Facial recognition for turtles: How crowd-sourced AI can help marine conservation efforts
In November 2021, Zindi and DeepMind, and several marine conservation organizations came together to design a challenge that would aid conservation efforts by using machine learning to distinguish between turtles of the same species. The aim of the competition was to build a machine learning model that would identify individual sea turtle faces; this technology will make future identification of turtles easier, contributing studies of population dynamics and other turtle and marine conservation efforts.
“Overall, we are thrilled by the level of engagement from the community and impressed by their technical innovation on this challenging task,” says Annette of the DeepMind Turtle Recall Team.
DeepMind is a team of scientists, engineers, and machine learning experts working together to advance the state of the art in artificial intelligence (AI), committed to solving intelligence, to advance science and benefit humanity.
“Our turtle conservation partners say that this level of prediction will be immediately valuable to them in the field, meaning that the results will have a real and immediate impact on wildlife conservation,” says Annette.
The challenge participants had a positive experience in helping build world-first models that can recognize turtle faces. Zindian and 2nd placed winner Flame Turbo says: “We really enjoyed the competition, and particularly spent a lot of time researching how state-of-the-art facial recognition systems are built. We learnt a lot and continued trying ideas until the last minute. We really appreciate Zindi and DeepMind for organizing this amazing challenge.”
“We were thrilled to have received thousands of submissions from across the world, and in particular from 28 African countries.

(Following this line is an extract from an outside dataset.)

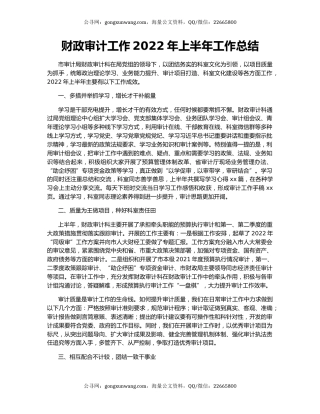 财政审计工作2022年上半年工作总结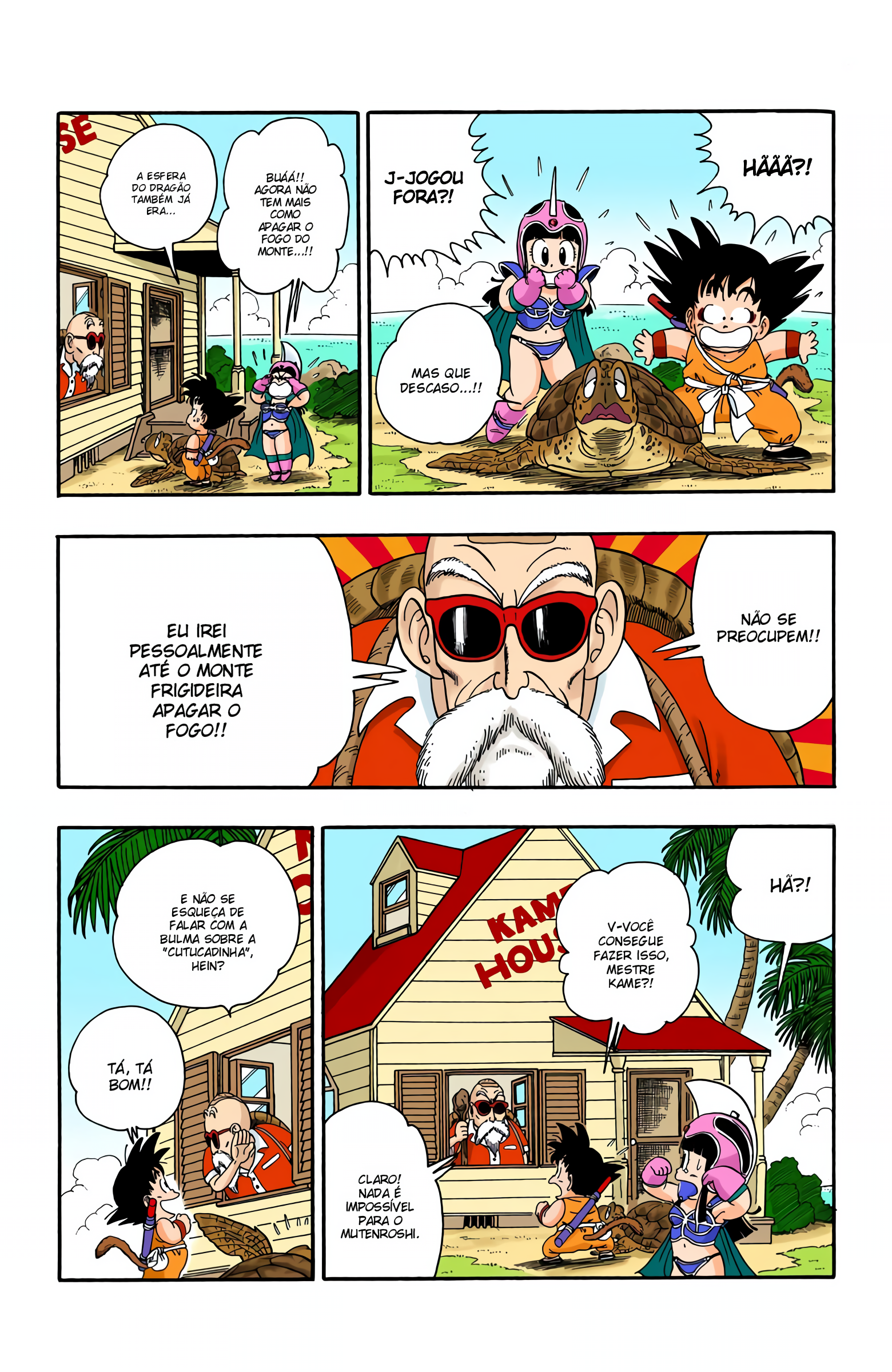 Read Dragon Ball (PT-BR) PT Manga Online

Overall, we found this experience to be very engaging and beneficial and more importantly, valuable for the broader machine learning community. Receiving an ML solution with a 98% score was absolutely incredible, and this will be beneficial to us and other organizations that want to use facial recognition systems for conservation,” says Annette.
The solution provided by the three top winners will help marine conservation organizations establish systems that will not only help identify turtles, but aid in the conservation of all the marine life.
The facial recognition machine will be deployed by 2023. Zindi and DeepMind eagerly await the deployment of the system and the impact that it will drive in African marine conservation.
We thank Local Ocean Conservation (LOC) for providing us with the data to create a machine learning tool that will help in the conservation of marine life, and DeepMind for their support of this important initiative.